Work task - Every line below is to be copied exactly, with the pictures left out.

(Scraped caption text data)
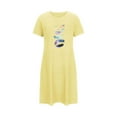 thumbnail image 5 of Camisón corto de mujer, vestido de largo medio con estampado de moda, camisón corto extragrande de mujer, camisón de manga corta con estampado de pecho a la moda, camisón de mujer, 5 of 5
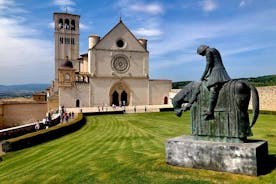 Róm til Assisi og Orvieto: Einkadagsferð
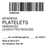 Label Isbt 128 Synthetic Permanent "Apheresis Platelets'' Core 2" X 2" White 500 Per Roll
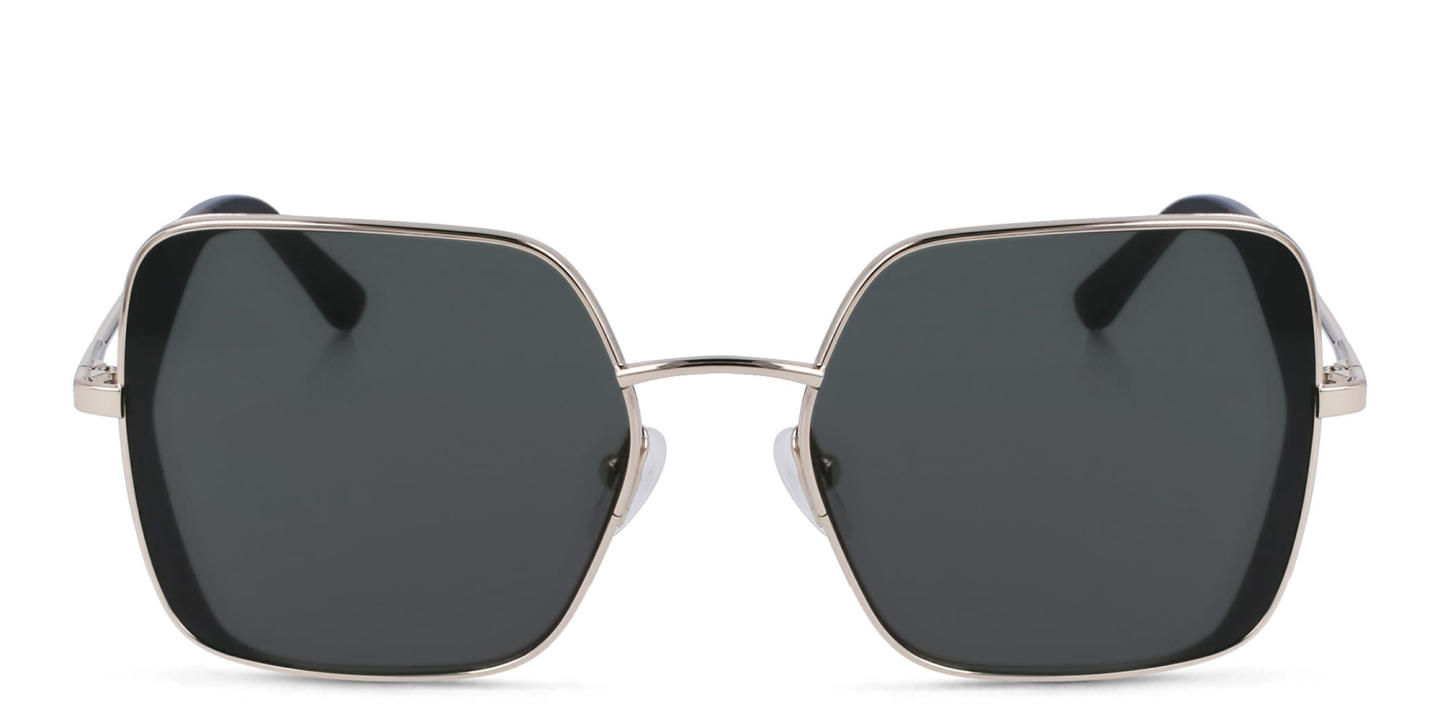 KARL LAGERFELD Square Sunglasses in Gold – Product Photo 0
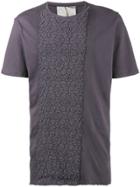 By Walid Floral Embellished T-shirt - Pink & Purple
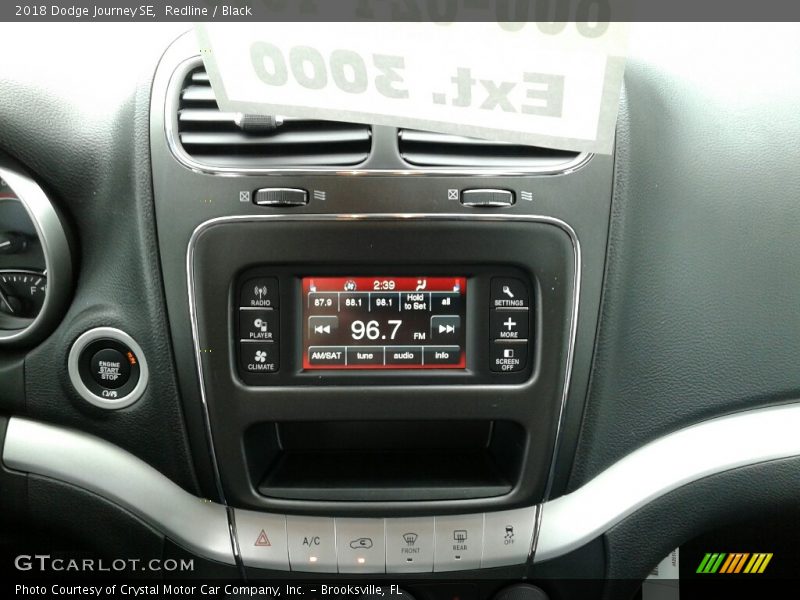 Redline / Black 2018 Dodge Journey SE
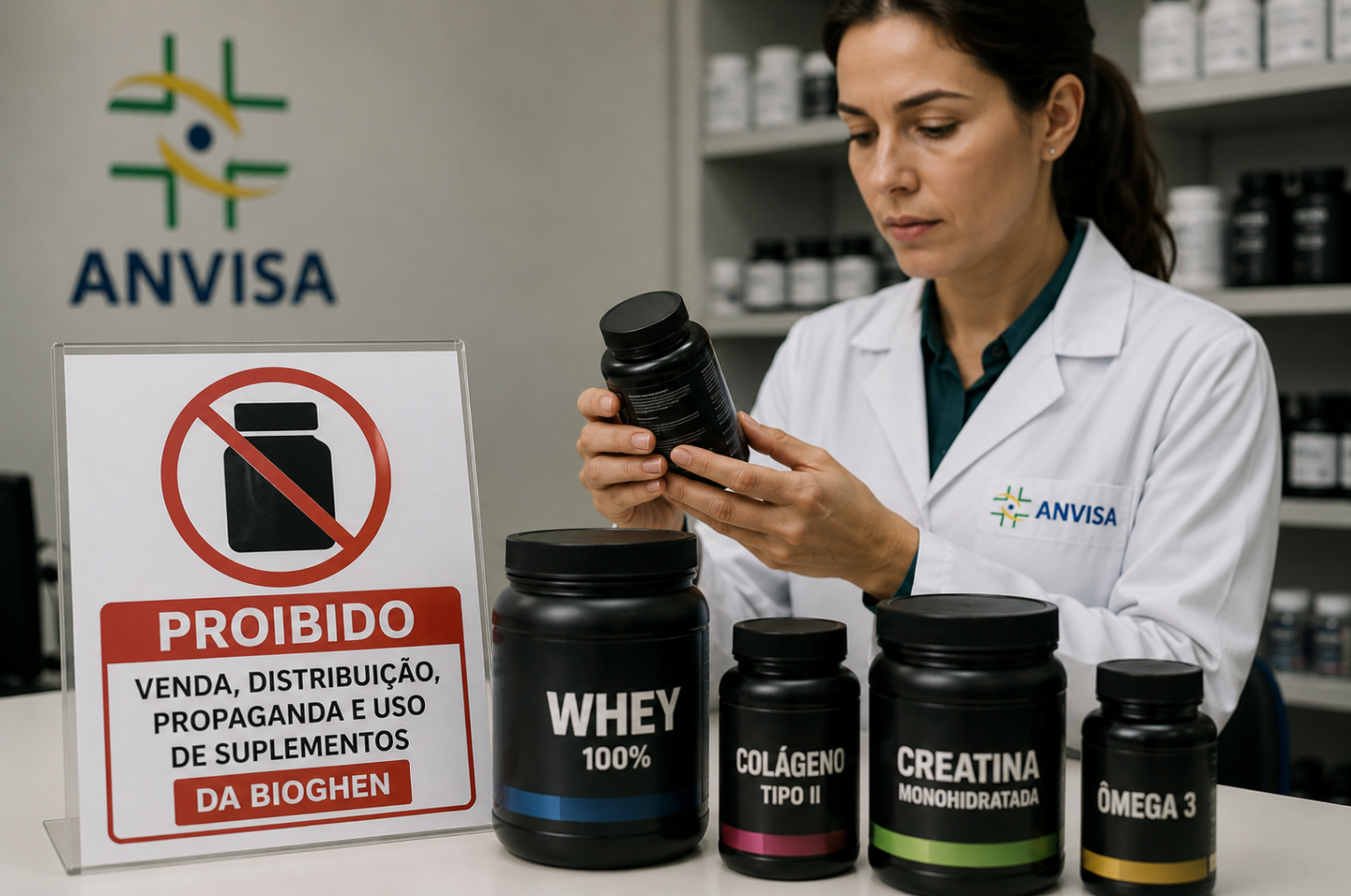 Anvisa: reviravolta no caso Bioghen! Recolhimento de suplementos é suspenso, mas venda e uso seguem proibidos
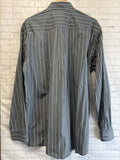 Size Large Men's Gray Stripe Cinch Shirt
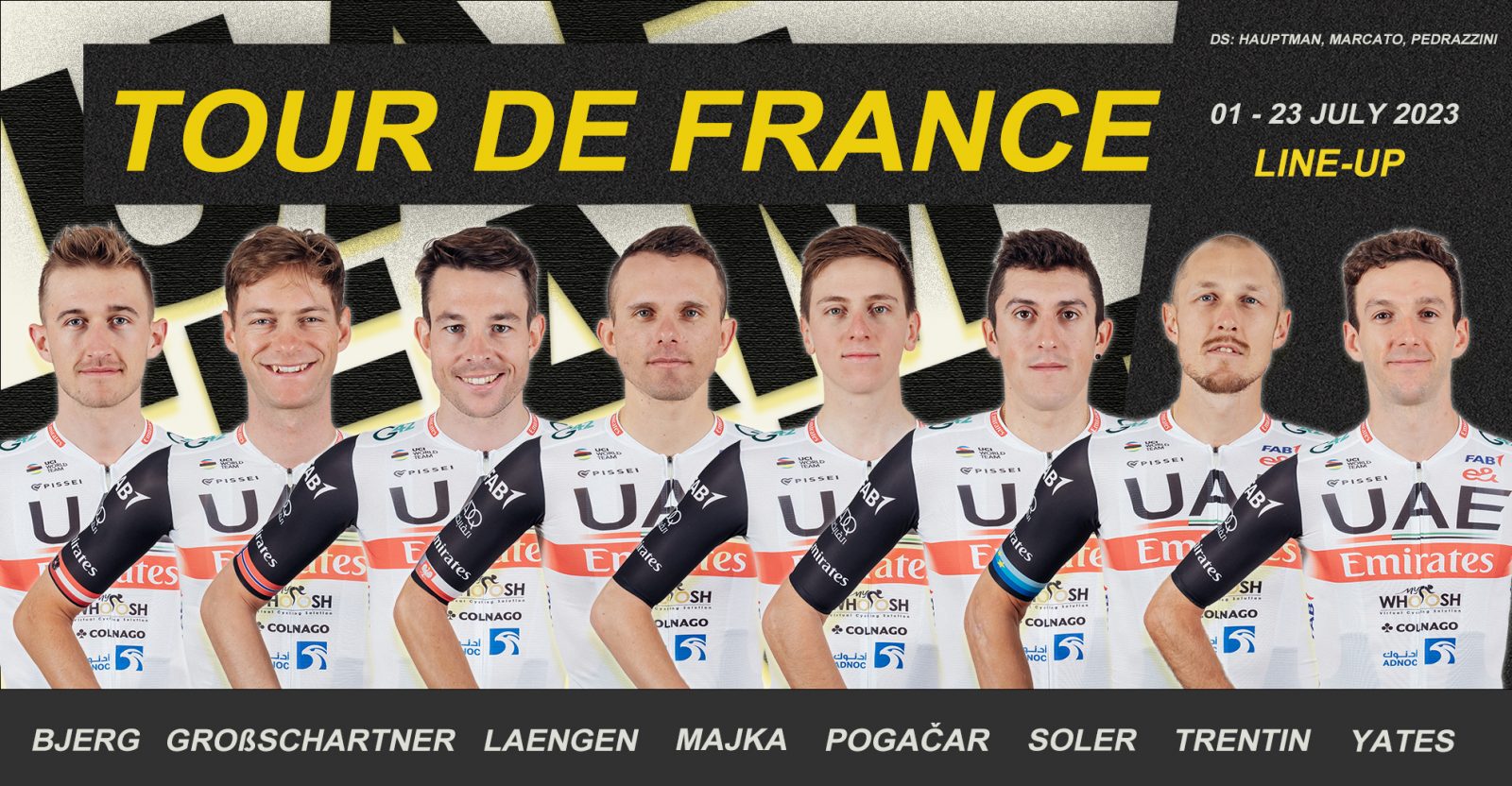 UAE Team Emirates confirm squad for Tour de France UAE team Emirates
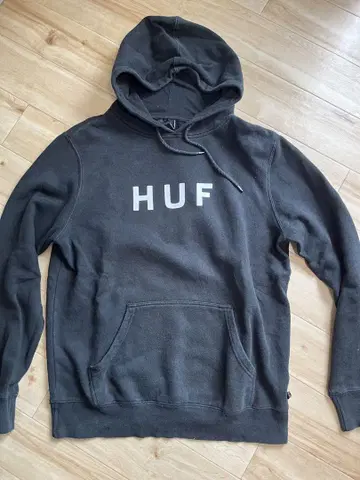 HUF 후드티 블랙 M 사이즈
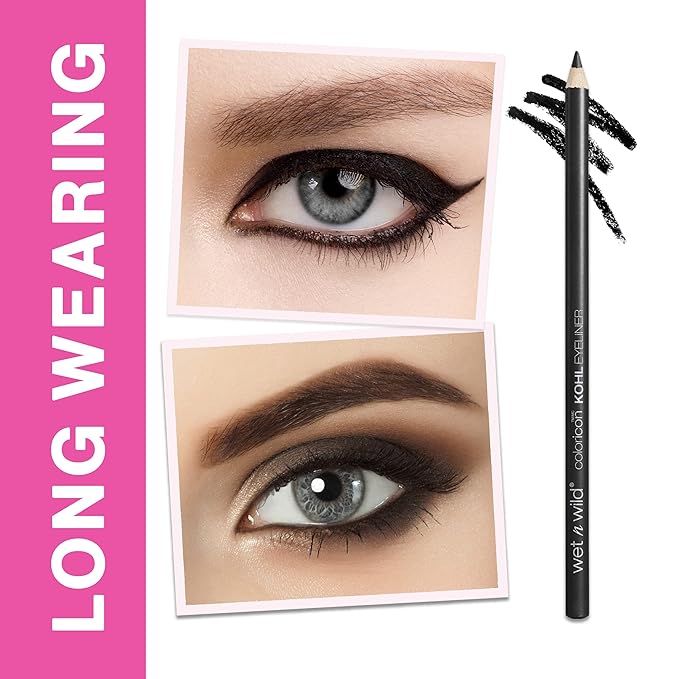 wet n wild Color Icon Kohl Eyeliner Pencil - Rich Hyper-Pigmented Color, Smooth Creamy Application, Long-Wearing Matte Finish Versatility, Cruelty-Free - Simma Brown Now! (Pack of 2)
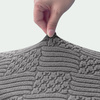STUHLHUSSE geprägte Rauten Jacquard DICK DUNKELGRAU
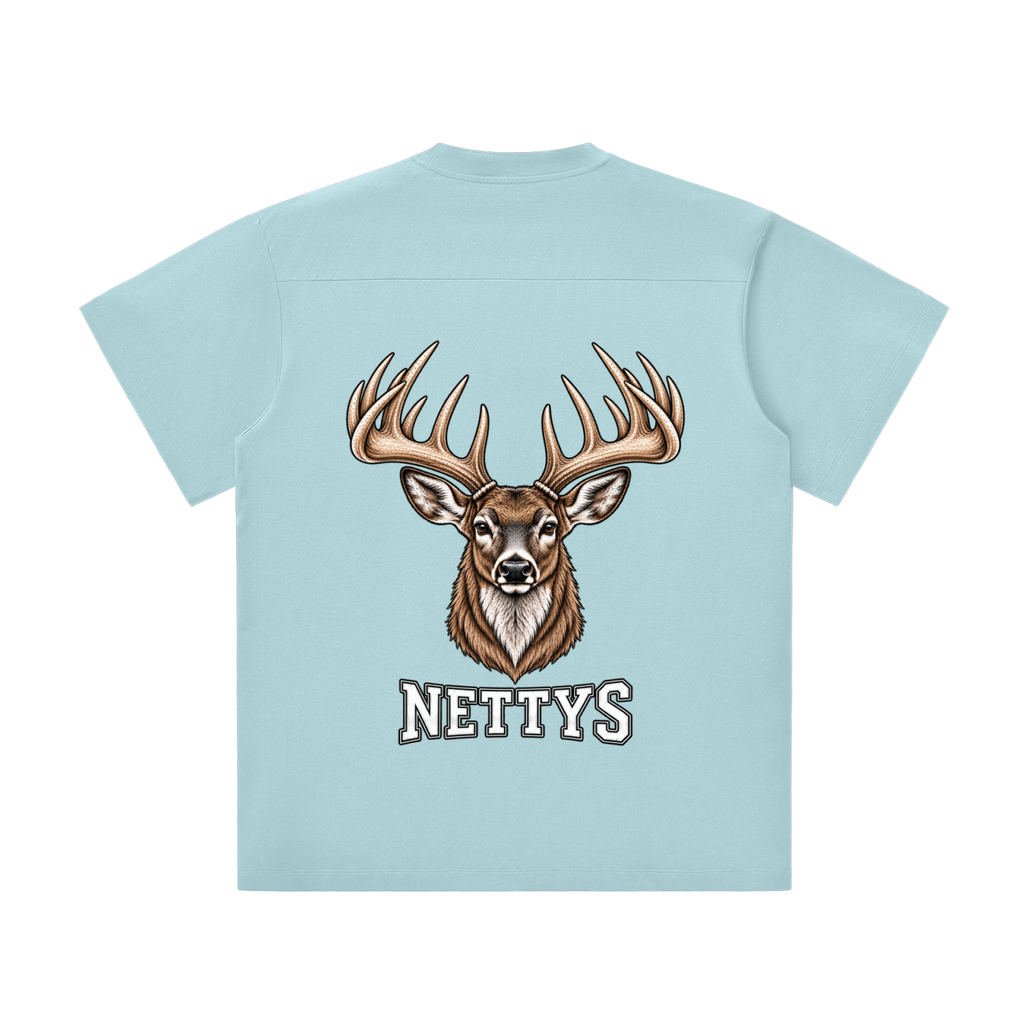 Mens Deer Lightweight Oversized T-Shirt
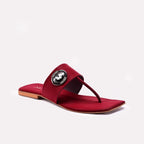 Maroon Casual Slippers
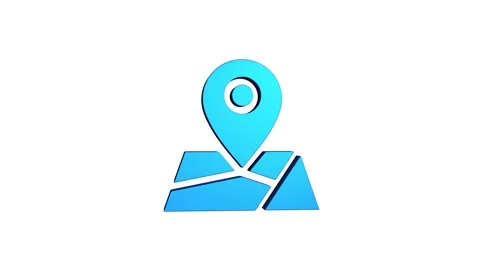 Map location 3d pin map rotating animation spinning in background Stock-Footage 313492688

Answer box -
 thumbnail image 5 of Camisón corto de mujer, vestido de largo medio con estampado de moda, camisón corto extragrande de mujer, camisón de manga corta con estampado de pecho a la moda, camisón de mujer, 5 of 5
 Róm til Assisi og Orvieto: Einkadagsferð
 Label Isbt 128 Synthetic Permanent "Apheresis Platelets'' Core 2" X 2" White 500 Per Roll
 KARL LAGERFELD Square Sunglasses in Gold – Product Photo 0
 By Walid Floral Embellished T-shirt - Pink & Purple
 Redline / Black 2018 Dodge Journey SE
 Anvisa: reviravolta no caso Bioghen! Recolhimento de suplementos é suspenso, mas venda e uso seguem proibidos
 Size Large Men's Gray Stripe Cinch Shirt
 UAE Team Emirates confirm squad for Tour de France UAE team Emirates
 HUF 후드티 블랙 M 사이즈
 wet n wild Color Icon Kohl Eyeliner Pencil - Rich Hyper-Pigmented Color, Smooth Creamy Application, Long-Wearing Matte Finish Versatility, Cruelty-Free - Simma Brown Now! (Pack of 2)
STUHLHUSSE geprägte Rauten Jacquard DICK DUNKELGRAU
 Mens Deer Lightweight Oversized T-Shirt
 Maroon Casual Slippers
 Map location 3d pin map rotating animation spinning in background Stock-Footage 313492688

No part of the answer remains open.